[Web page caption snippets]
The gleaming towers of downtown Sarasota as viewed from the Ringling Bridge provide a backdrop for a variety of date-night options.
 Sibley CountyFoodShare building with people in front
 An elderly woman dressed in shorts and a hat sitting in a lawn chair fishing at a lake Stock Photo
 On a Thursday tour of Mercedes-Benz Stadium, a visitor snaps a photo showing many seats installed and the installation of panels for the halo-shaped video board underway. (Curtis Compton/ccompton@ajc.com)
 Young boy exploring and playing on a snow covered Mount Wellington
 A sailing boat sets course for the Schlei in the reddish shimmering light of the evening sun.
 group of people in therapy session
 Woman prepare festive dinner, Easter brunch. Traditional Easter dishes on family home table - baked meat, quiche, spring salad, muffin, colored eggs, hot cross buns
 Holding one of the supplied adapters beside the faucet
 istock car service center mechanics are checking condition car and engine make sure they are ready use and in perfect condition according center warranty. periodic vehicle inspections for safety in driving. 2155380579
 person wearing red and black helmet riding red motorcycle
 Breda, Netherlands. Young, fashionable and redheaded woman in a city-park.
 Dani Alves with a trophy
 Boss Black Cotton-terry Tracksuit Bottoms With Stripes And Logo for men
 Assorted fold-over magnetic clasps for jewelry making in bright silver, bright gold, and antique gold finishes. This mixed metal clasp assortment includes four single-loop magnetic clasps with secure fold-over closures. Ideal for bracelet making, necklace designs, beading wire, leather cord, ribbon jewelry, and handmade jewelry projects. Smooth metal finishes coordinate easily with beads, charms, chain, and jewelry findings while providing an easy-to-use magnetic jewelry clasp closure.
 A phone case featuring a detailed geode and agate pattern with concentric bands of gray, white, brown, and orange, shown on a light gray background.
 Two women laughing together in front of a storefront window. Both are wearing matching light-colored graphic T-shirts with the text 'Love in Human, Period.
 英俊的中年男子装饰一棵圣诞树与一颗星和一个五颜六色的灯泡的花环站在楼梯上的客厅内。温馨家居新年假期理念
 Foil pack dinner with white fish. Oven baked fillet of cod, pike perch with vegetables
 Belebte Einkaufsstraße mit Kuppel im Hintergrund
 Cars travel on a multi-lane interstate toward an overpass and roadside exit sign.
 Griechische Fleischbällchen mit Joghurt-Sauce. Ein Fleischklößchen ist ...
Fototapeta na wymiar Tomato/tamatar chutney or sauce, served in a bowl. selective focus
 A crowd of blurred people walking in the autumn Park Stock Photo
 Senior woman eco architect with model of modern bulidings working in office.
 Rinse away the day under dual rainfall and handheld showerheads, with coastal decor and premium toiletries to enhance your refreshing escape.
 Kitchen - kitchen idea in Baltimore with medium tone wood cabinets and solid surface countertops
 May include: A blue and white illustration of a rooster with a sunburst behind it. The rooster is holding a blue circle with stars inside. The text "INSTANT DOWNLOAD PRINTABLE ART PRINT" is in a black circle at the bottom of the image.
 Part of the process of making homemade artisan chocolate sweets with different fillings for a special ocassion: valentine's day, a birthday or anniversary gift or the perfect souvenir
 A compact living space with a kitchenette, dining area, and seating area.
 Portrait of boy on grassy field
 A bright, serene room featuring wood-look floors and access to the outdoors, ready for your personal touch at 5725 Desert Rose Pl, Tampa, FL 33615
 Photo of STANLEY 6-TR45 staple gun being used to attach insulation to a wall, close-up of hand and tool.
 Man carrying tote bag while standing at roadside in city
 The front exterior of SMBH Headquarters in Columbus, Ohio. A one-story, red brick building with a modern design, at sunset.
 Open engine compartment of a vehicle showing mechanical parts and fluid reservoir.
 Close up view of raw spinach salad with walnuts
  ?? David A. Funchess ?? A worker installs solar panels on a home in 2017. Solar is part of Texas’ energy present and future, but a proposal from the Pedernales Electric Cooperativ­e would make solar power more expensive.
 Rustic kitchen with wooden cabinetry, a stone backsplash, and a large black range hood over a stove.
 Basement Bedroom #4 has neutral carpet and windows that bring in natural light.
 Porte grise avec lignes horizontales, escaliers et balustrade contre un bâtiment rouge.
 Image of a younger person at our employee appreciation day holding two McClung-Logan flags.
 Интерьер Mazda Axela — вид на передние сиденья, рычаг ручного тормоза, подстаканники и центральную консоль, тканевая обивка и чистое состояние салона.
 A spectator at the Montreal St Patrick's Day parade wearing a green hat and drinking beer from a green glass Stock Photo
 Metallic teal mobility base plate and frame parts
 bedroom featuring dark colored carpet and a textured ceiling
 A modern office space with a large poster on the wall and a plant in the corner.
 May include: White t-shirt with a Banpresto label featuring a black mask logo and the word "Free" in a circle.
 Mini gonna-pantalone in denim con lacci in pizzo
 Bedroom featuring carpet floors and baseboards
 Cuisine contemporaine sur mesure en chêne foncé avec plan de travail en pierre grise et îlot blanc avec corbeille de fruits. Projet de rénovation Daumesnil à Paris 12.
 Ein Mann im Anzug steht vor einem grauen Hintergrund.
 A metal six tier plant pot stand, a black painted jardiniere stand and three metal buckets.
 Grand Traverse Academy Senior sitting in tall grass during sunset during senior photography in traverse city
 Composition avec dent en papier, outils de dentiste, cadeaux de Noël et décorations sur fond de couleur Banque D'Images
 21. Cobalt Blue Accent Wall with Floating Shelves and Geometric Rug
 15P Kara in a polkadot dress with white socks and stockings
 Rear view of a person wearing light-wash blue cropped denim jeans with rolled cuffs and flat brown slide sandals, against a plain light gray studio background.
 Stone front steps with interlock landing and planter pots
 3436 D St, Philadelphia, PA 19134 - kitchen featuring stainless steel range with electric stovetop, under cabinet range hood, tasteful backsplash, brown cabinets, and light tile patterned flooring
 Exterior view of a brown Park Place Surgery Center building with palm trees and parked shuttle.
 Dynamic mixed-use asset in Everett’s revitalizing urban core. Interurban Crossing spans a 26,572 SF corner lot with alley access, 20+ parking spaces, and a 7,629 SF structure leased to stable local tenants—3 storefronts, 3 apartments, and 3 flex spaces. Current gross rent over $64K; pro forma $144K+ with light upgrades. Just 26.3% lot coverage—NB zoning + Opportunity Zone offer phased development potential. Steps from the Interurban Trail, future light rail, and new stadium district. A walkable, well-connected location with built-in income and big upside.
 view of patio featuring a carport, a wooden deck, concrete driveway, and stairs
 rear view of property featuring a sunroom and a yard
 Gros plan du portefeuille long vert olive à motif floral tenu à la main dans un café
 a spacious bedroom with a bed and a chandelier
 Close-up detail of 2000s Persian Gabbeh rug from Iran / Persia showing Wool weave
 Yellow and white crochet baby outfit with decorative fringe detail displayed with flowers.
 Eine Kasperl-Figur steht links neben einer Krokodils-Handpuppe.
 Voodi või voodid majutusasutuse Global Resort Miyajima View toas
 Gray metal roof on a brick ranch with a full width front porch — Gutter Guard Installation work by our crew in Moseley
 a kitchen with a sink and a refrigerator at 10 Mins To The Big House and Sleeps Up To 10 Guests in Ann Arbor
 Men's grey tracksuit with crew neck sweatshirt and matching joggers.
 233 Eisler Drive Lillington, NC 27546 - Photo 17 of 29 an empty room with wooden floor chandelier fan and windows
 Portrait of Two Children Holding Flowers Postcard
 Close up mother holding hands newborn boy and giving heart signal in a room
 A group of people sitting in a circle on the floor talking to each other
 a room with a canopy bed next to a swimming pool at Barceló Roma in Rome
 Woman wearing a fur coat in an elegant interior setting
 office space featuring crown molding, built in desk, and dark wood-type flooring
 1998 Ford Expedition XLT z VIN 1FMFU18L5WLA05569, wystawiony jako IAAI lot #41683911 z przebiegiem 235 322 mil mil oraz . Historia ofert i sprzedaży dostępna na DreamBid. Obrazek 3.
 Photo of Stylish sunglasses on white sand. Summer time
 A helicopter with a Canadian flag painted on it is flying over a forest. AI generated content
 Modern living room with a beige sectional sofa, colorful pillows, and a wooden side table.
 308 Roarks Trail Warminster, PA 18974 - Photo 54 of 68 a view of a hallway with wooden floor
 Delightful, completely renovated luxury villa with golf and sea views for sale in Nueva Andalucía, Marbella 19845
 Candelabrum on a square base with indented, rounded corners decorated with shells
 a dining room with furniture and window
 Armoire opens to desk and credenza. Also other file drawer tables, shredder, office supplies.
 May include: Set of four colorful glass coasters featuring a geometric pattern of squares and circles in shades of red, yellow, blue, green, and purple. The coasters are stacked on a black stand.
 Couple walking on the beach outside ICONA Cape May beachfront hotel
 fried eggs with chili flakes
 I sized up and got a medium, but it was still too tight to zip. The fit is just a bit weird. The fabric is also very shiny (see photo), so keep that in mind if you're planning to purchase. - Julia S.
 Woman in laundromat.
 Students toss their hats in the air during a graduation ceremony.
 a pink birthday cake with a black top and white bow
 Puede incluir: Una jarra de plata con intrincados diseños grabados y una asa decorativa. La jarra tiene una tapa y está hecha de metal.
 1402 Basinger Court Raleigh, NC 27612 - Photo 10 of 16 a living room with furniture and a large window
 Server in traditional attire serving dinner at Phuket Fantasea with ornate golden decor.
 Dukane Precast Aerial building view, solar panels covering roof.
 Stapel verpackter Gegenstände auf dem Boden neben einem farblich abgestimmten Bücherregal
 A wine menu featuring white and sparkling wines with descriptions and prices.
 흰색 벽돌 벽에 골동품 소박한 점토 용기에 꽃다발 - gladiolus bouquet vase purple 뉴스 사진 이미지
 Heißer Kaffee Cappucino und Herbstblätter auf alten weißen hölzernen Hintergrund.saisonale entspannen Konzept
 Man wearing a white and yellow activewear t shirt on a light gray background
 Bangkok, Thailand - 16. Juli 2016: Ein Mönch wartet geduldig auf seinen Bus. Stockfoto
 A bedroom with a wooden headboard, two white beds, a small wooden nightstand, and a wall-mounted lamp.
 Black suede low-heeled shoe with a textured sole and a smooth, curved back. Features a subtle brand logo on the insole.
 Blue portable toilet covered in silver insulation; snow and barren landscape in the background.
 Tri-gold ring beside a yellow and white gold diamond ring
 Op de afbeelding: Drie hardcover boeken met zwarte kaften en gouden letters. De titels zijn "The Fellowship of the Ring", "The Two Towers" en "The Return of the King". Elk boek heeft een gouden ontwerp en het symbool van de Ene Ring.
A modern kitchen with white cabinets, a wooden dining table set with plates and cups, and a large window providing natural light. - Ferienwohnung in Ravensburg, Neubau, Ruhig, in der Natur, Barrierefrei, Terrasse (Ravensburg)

§ **Task**: Look above for the line holding "Gros plan du" and the line holding "Portrait of Two", then output exactly those two lines and every line between them, nothing more.

§ **Result**:
 Gros plan du portefeuille long vert olive à motif floral tenu à la main dans un café
 a spacious bedroom with a bed and a chandelier
 Close-up detail of 2000s Persian Gabbeh rug from Iran / Persia showing Wool weave
 Yellow and white crochet baby outfit with decorative fringe detail displayed with flowers.
 Eine Kasperl-Figur steht links neben einer Krokodils-Handpuppe.
 Voodi või voodid majutusasutuse Global Resort Miyajima View toas
 Gray metal roof on a brick ranch with a full width front porch — Gutter Guard Installation work by our crew in Moseley
 a kitchen with a sink and a refrigerator at 10 Mins To The Big House and Sleeps Up To 10 Guests in Ann Arbor
 Men's grey tracksuit with crew neck sweatshirt and matching joggers.
 233 Eisler Drive Lillington, NC 27546 - Photo 17 of 29 an empty room with wooden floor chandelier fan and windows
 Portrait of Two Children Holding Flowers Postcard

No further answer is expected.